United Mine Workers of America President Cecil Roberts was among those who personally asked the U.S. health secretary to save a program that screens for black lung.
After the Department of Health and Human Services put Coal Worker Health Surveillance Program employees on administrative leave last month and issued them termination notices, some high-profile figures intervened.
U.S. Sen. Shelley Moore Capito spoke to Secretary Robert F. Kennedy Jr. about it and connected him with Roberts.
At a protest Thursday at HHS headquarters in Washington, Roberts said he gave Kennedy an earful about the staff cuts.
“She calls me, I said ‘I know somebody he can talk to.’” Roberts said. “And I started asking him the questions you’re posing today.”
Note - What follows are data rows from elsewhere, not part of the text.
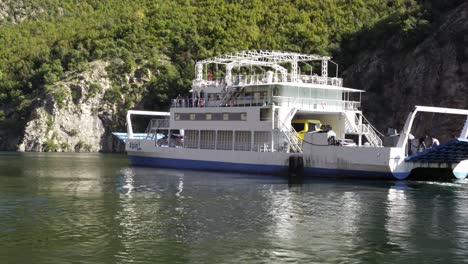 Ferry-Saliendo-De-Un-Pequeño-Puerto,-Llevando-Turistas-Que-Quieren-Visitar-Las-Altas-Montañas-De-Los-Alpes-En-Albania,-Los-Balcanes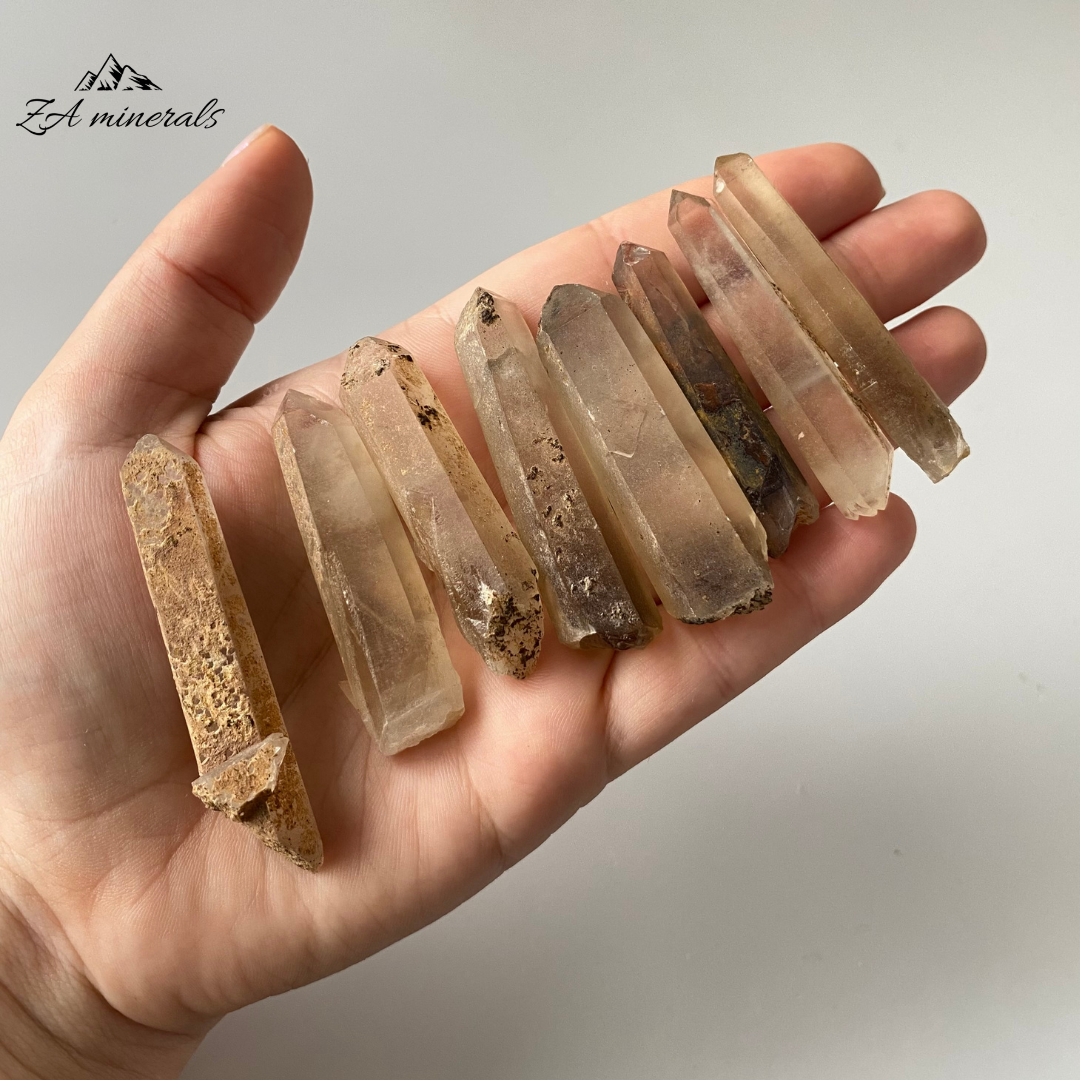 Matte, translucent to transparent, prismatic Quartz crystals. The majority of the Quartz is colourless. Subtle brown-smoky zoning can be seen at the bases of the Quartz crystal which moves slightly up the crystal bodies - like an ombre. Iron-rich coatings can be seen on the surface of the crystals. Scattered chips to the edges of the crystals and contact damage is present. 
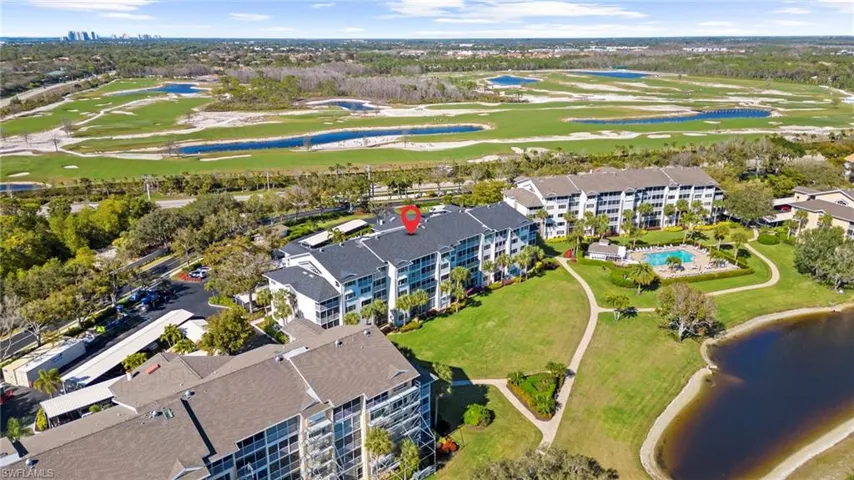 Aerial view of property's location featuring a nearby body of water and a golf course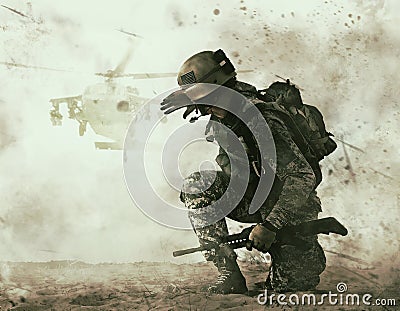 US soldier and combat helicopter approaching Stock Photo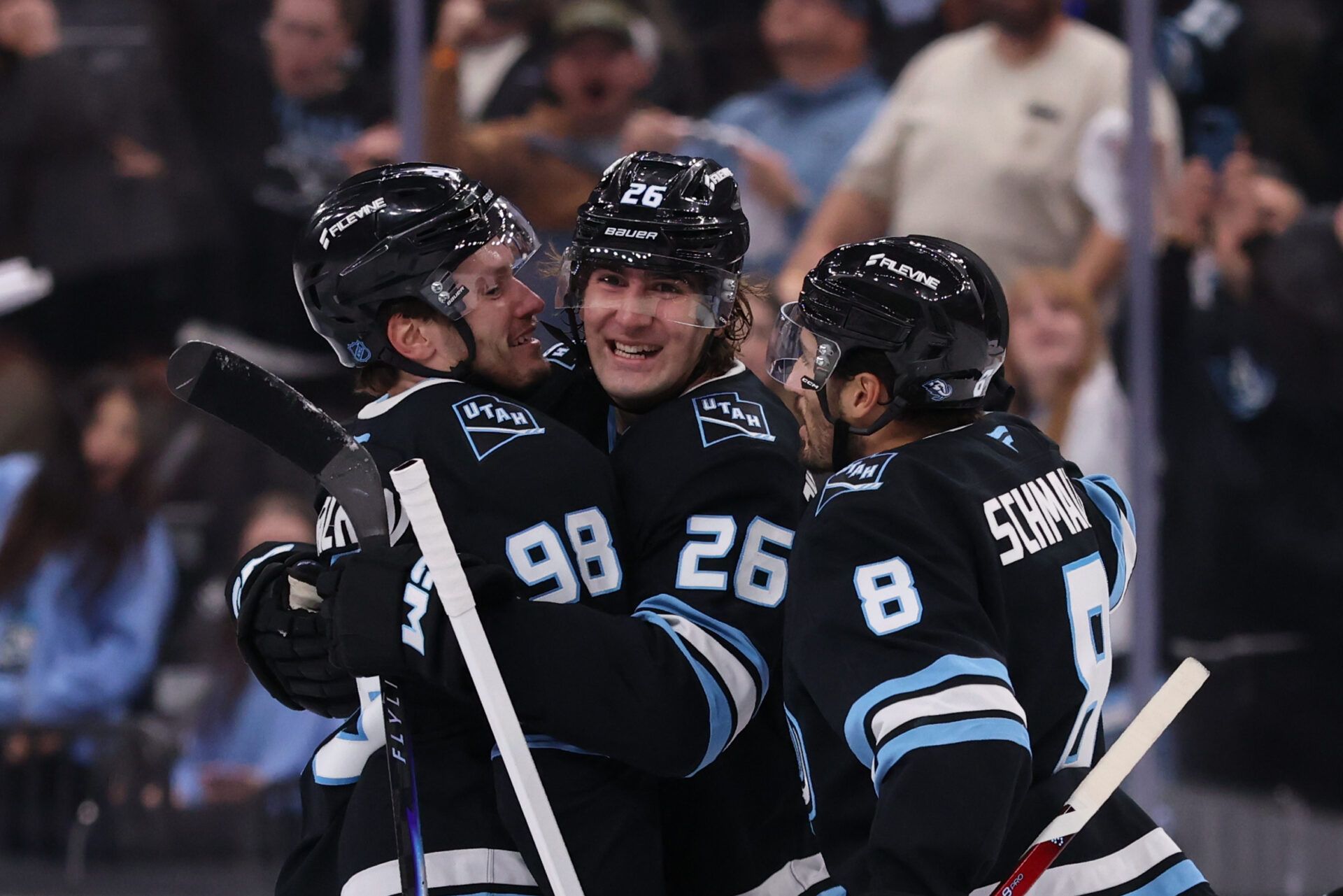 Utah Mammoth defenseman Mikhail Sergachev (98) celebrates scoring a goal against the Colorado Avalanche with defenseman Dmitri Simashev (26) and center Nick Schmaltz (8) during the third period at Delta Center.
HHS reinstated the black lung monitoring program after U.S. District Judge Irene Berger issued a preliminary injunction in a lawsuit by a West Virginia coal miner with black lung.
Berger’s ruling did result in the reinstatement of the Respiratory Health Division of the National Institute for Occupational Health at HHS, including the black lung monitoring staff, but other NIOSH functions did not return.
Those include the mining research team in Pittsburgh, which works to make mines safer and mine emergencies more survivable.
The UMWA and other labor groups sued HHS and Kennedy last week to restore NIOSH in its entirety.